Muchos supuestos merecimientos justifican a su vez como reacción actitudes que, en consonancia con esa injusticia, responden a la decepción. Y si los demás nos decepcionan tal vez el problema esté en nosotros mismos, que nos sentimos desengañados al darnos cuenta de que pusimos muchas expectativas en alguien o algo que no ha resultado estar a la altura. Tal vez el listón estaba demasiado alto.

No porque me desagraden dejo de hacer uso yo también de las palabras anteriormente mencionadas, aunque procuro hacerlo con moderación, y pocas veces se escapan a mi autocensura, pues acostumbro a ser consciente de ello.

Me gustan las palabras apegadas a la tradición, las poco usadas (tan vulnerables que corren literalmente peligro de extinción, barridas por los aires de una mal entendida modernidad que siempre se cree en pugna con la tradición), y también los préstamos y los neologismos. Todas contribuyen a enriquecer nuestro idioma y a dibujar nuestro mundo. «Dime cómo hablas y te diré cómo eres». Hay quien parece creer que haciendo uso de términos soeces se muestra menos encorsetado, como en una pataleta pueril y anárquica, cuando para mí que en realidad lo que hace es cambiar de corsé. Los hay incapaces de utilizar palabras amistosas como si ese gesto de aproximación los hiciera vulnerables. Prefieren tomar una postura ofensiva que en realidad es una defensa, un escudo que encubre fallas, carencias o temores no siempre admitidos y muchas veces ni tan siquiera advertidos.
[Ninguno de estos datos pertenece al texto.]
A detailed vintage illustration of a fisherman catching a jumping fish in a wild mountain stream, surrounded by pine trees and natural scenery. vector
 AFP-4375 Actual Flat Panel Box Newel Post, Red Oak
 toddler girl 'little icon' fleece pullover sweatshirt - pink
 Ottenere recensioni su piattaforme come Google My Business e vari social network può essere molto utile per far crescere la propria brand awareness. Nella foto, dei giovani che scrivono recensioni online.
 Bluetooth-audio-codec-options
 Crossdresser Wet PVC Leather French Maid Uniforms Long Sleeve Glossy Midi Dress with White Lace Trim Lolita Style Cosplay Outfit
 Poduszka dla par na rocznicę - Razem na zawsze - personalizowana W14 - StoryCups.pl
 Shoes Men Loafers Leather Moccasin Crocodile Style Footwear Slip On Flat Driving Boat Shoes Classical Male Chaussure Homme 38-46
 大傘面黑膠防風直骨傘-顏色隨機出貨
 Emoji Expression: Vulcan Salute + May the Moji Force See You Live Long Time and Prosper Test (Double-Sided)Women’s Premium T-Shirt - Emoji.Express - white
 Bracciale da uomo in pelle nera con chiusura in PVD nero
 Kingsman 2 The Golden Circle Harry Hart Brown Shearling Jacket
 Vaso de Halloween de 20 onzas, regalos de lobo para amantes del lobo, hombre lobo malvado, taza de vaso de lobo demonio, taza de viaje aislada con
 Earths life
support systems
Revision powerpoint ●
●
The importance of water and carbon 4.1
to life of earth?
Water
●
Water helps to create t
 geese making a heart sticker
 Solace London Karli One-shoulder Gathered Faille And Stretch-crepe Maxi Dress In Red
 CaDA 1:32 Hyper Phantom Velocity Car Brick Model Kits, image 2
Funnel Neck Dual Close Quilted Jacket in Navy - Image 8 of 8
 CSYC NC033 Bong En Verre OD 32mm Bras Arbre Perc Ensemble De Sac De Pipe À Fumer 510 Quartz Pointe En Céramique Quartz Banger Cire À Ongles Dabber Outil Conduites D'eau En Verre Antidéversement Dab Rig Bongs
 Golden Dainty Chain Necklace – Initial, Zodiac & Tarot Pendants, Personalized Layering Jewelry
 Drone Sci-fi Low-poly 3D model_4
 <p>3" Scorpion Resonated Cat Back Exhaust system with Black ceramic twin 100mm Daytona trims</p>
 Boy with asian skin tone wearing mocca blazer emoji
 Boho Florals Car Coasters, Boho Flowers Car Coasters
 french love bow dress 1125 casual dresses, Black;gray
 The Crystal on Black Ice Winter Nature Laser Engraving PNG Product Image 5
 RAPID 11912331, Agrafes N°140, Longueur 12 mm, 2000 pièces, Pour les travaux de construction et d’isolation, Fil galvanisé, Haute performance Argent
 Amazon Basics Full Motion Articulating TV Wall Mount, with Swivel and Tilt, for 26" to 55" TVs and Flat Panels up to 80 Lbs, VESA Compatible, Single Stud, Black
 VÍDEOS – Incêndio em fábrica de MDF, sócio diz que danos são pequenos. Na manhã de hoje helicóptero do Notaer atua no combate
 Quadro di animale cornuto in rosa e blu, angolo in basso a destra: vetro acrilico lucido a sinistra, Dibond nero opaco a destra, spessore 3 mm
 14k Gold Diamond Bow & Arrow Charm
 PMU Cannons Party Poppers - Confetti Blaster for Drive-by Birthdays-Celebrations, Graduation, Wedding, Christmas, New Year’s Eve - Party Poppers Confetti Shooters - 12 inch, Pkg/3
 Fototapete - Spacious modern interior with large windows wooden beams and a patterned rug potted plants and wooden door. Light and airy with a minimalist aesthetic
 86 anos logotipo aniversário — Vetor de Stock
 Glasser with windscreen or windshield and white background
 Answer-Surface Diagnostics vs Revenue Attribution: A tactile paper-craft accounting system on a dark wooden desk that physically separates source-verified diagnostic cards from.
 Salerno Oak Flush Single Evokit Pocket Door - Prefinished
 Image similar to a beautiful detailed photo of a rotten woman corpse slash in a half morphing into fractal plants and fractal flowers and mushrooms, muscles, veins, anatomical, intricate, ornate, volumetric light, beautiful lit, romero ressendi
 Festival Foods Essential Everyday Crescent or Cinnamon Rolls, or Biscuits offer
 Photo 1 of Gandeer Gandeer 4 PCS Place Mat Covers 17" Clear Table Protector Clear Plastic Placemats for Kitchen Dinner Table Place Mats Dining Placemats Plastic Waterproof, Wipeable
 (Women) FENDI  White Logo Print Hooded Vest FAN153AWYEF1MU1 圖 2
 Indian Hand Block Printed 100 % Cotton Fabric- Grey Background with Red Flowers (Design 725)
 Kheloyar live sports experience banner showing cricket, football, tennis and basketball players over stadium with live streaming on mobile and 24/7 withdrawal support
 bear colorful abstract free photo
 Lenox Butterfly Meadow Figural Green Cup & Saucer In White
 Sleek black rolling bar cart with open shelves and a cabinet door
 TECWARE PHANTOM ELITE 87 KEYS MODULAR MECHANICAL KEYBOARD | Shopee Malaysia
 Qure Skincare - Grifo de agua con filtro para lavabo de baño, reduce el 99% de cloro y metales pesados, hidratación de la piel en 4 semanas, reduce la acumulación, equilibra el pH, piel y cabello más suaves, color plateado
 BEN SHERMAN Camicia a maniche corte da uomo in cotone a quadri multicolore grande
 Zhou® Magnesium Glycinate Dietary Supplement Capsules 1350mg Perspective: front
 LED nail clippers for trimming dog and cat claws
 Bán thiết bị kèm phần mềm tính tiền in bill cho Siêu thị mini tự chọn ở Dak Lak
A otros les avergüenza hablar con propiedad y pronunciar con corrección, y se refugian en una especie de orgullo cateto defendiendo una dicción ´libre', sin sometimiento a normas, como signo de independencia y rebeldía. No digo que hayamos de hablar como robots con una precisión sin mácula y una exactitud fonética propia de un reloj suizo, pero creo que al menos hemos de intentar vocalizar para que se nos entienda.

En todo caso el contexto es el que debe marcar la pauta. Es propio de seres mínimamente inteligentes hacer uso de un estrato de lengua que convenga a la situación. El saber estar es una cuestión de educación básica, esa cuya base cada vez parece estar más a ras de suelo.